--- WORK ITEM ---
Your job is to give again, exactly and with no additions, the lines in the records below from the one with "Beautiful Mediterranean landscape" through the one with "women with black", both included. Omit the pictures.

--- DATASET EXTRACT ---
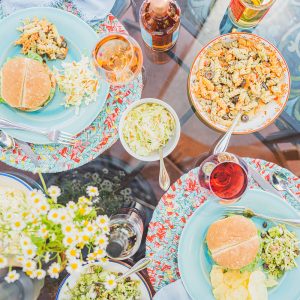 Plates with burgers and side dishes of coleslaw and pasta salad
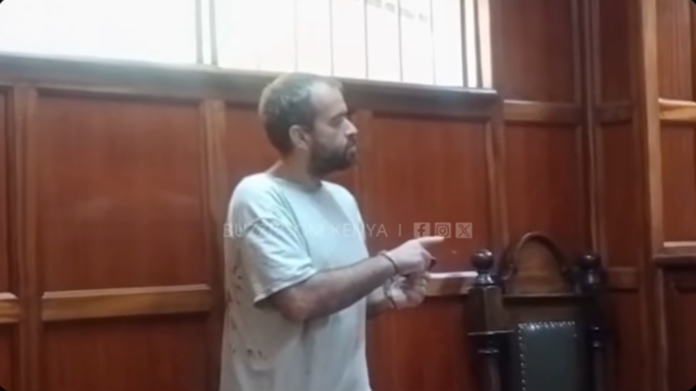American national Hodgkinson Enock Jedidah appears in court on immigration related charges. |BUZZROOM KENYA| PHOTO.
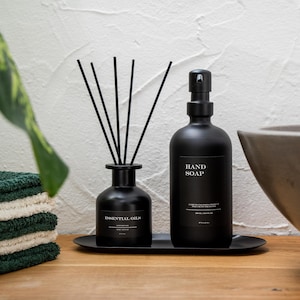 Könnte beinhalten: Schwarzer ätherischer Öldiffusor mit schwarzen Schilfrohren und eine schwarze Handseifenflasche mit Pumpspender. Beide Flaschen haben weiße Etiketten mit schwarzem Text. Die Flaschen stehen auf einem schwarzen Tablett.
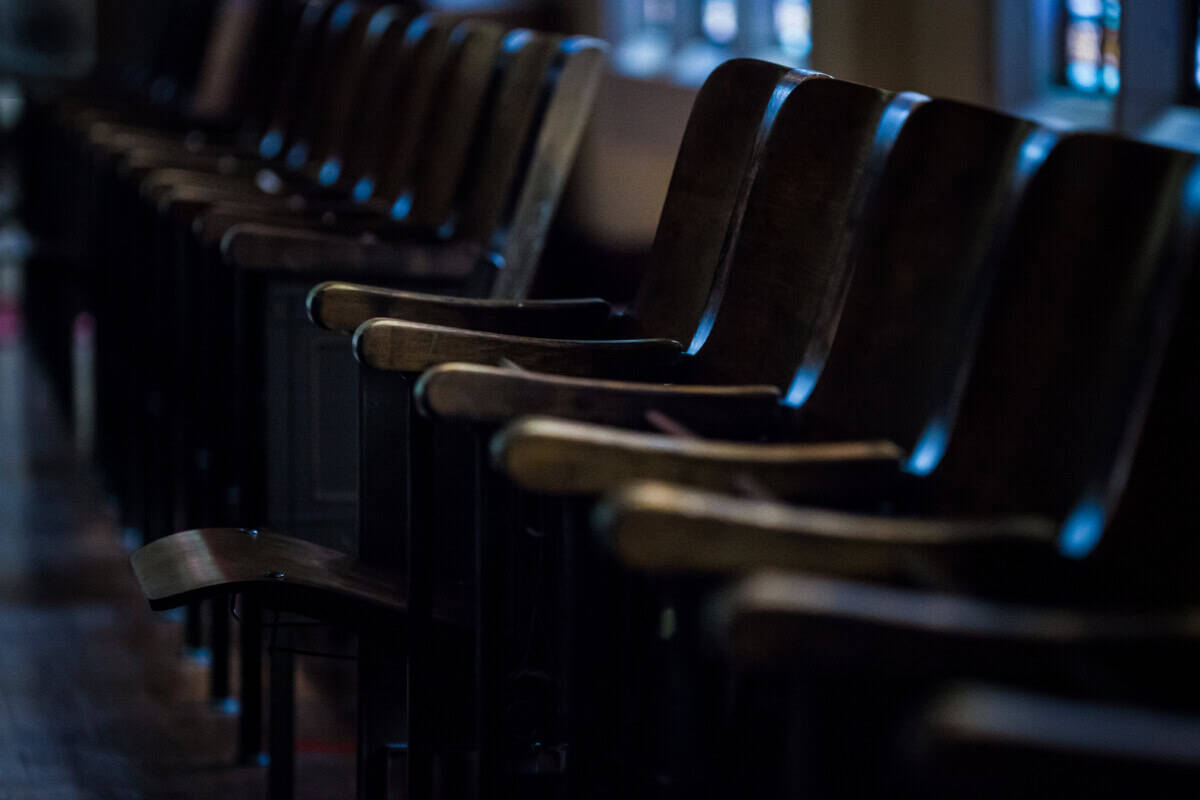 A row of empty, dark wooden seats in an auditorium or theater, lit by dim light from windows in the background.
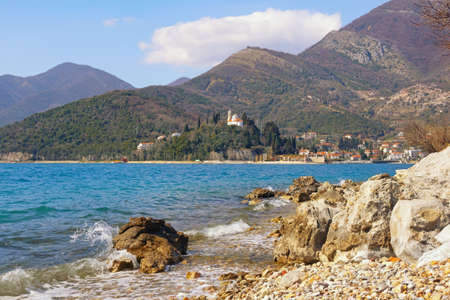 Beautiful Mediterranean landscape on sunny day. Montenegro, Adriatic Sea. View of Kotor Bay near verige Strait, Kamenari village with Church of Sveta Nedeljaの写真素材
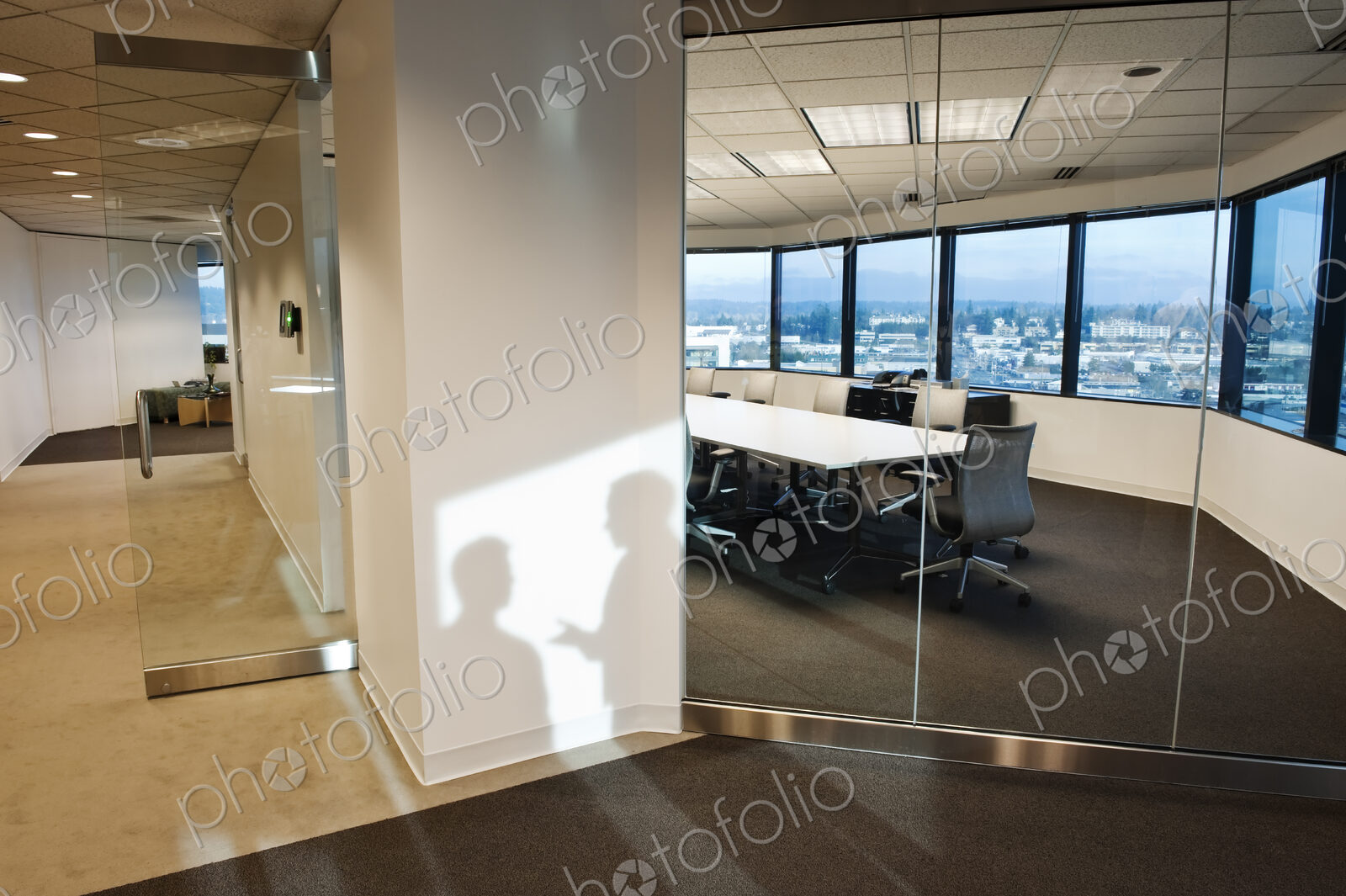Shadows of two business people on the wall outside of a company conference room..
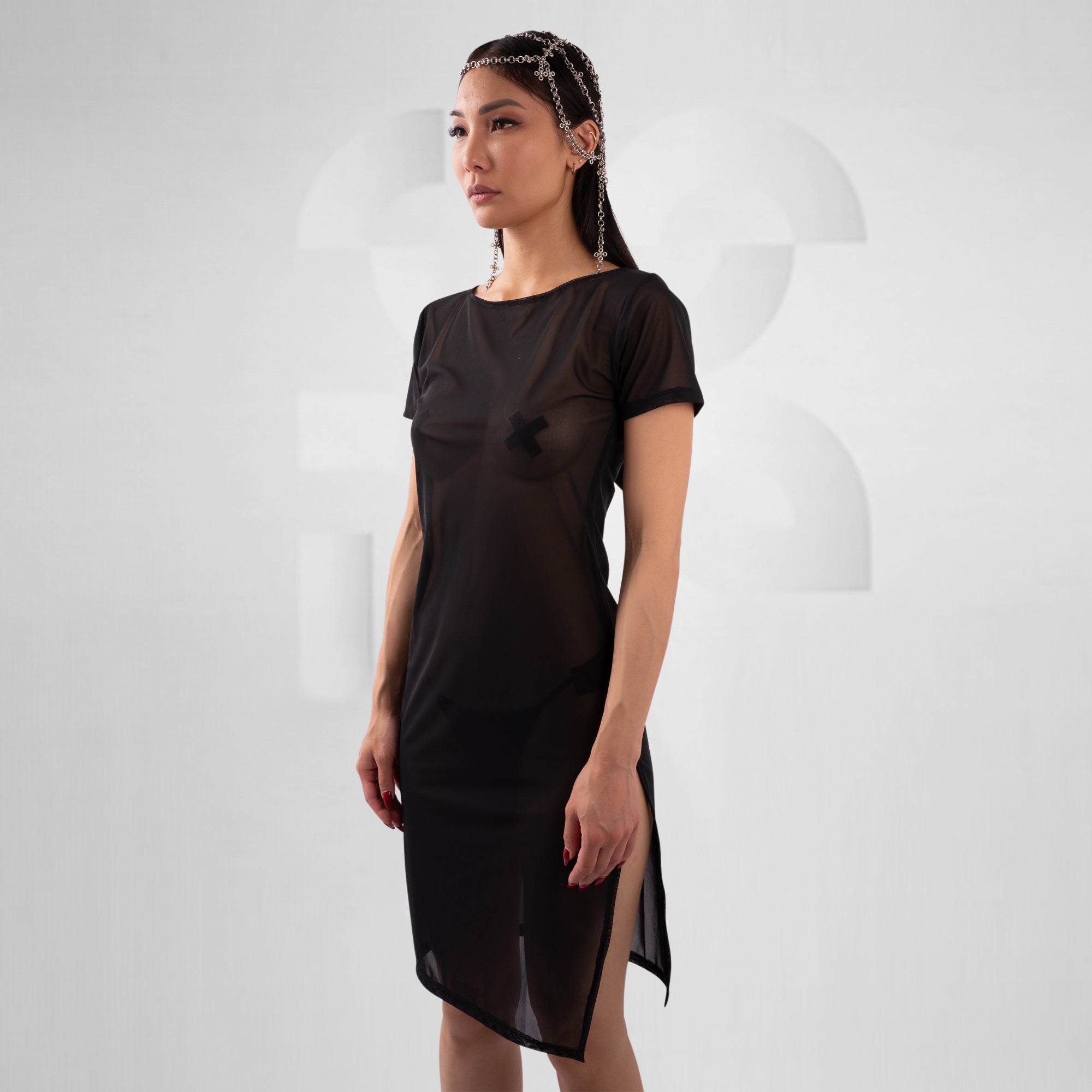 women with black mesh dress in front of grey background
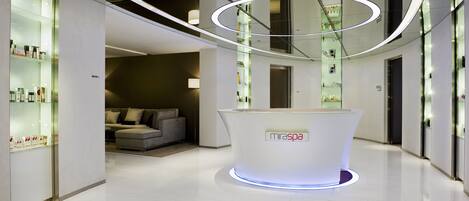Un vestíbulo moderno con una recepción que dice "MiraSpa", una vitrina con productos, una zona de estar con un sofá y un aplique de luz circular.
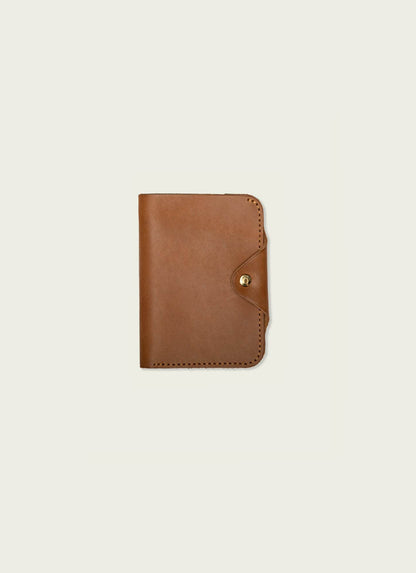 Tan leather passport wallet for men with snap closure, minimalist design on white background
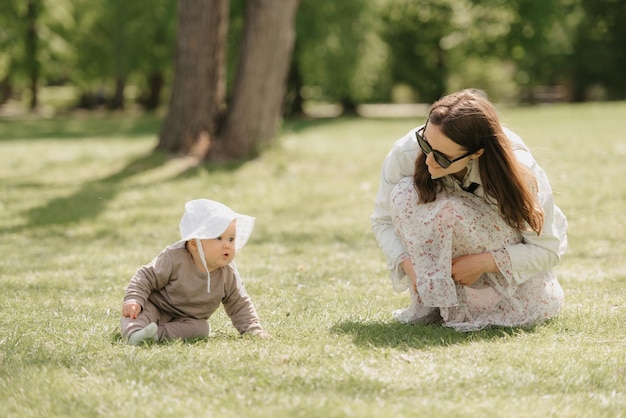 Une jeune mère joue avec sa fille de 7 mois dans le pré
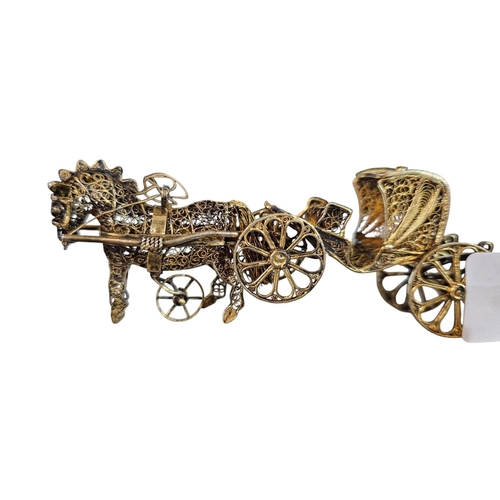 216 - An Italian Filigree metal sculpture of a horse-drawn carriage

--- ANSWER SPACE ---
 Beautiful Mediterranean landscape on sunny day. Montenegro, Adriatic Sea. View of Kotor Bay near verige Strait, Kamenari village with Church of Sveta Nedeljaの写真素材
Shadows of two business people on the wall outside of a company conference room..
 women with black mesh dress in front of grey background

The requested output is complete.